Selina Meyer is heading back to the West Wing — only this time, as a scorned ex-president.
In this sixth season of HBO’s Veep (Sundays, 10:30 ET/PT), “you’ll see her in an office, and you will in fact see her in the White House,” says Julia Louis-Dreyfus, who plays her. “Not as president, needless to say, but she will be making a visit or two to that building.”
When Veep returned April 16, the incorrigible Selina was floundering a year after a knotty election tie ousted her from the Oval Office. With her team largely dispersed — save for her bedeviled bagman Gary (Tony Hale) — Selina now calls a cruddy office in the Bronx home base, where she manages her charitable Meyer Fund for Adult Literacy (and AIDS) with her financially endowed daughter Catherine (Sarah Sutherland) and ex-body double Marjorie (Clea DuVall), now Catherine’s wife.
When her idea to run for president again is shot down by family members and advisers, Selina becomes feverishly obsessed with what’s next.
“The idea of somehow not being relevant or in the political zeitgeist is a nightmare for her,” Louis-Dreyfus says. “She’s very ambitious and power-driven and egocentric, so trying to stay alive as a contender is her utmost desire.”
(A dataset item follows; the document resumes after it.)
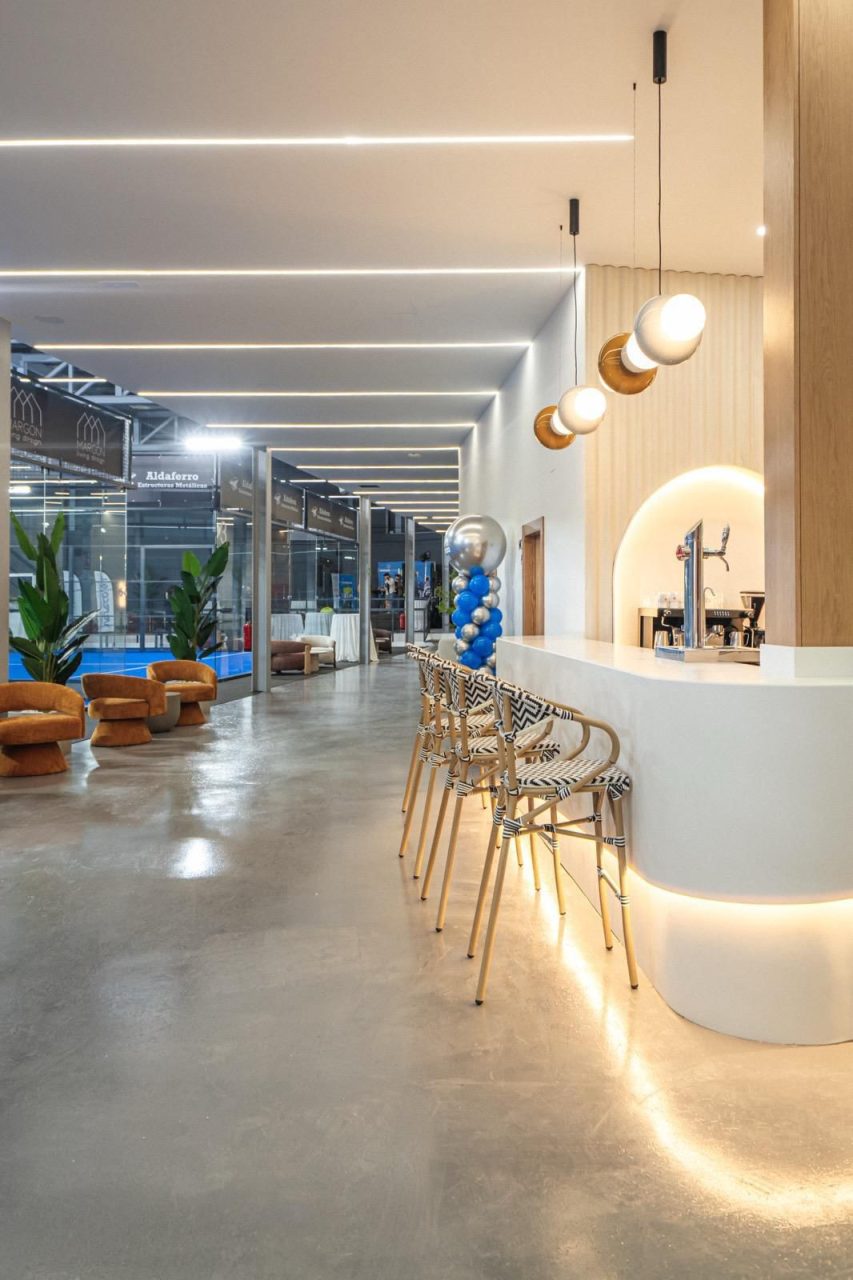 Loungebar avanzza pádel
Undaunted, she raucously dives into a handful of legacy projects that will be explored in upcoming episodes, such as establishing a presidential library and writing her memoir.
“At some point that memoir is actually going to be due, so she and Mike (Matt Walsh) are going to have to figure out what kind of book (they) are actually going to write,” says executive producer David Mandel, who took over for Veep creator Armando Iannucci last year. In Sunday’s episode, we also see “the beginnings of an official portrait being made. At some point, that painting is going to have to show itself.”
Like last year’s “Mother” episode, which craftily humanized Selina at her mom’s deathbed, this season will continue to peel back layers of the rancorous ex-commander-in-chief, with new insight into her upbringing and her late father.
“You take more of a path in the head of Selina, and the baggage of Selina’s psychological and emotional history,” says Louis-Dreyfus, who’s won five consecutive Emmy Awards for the role.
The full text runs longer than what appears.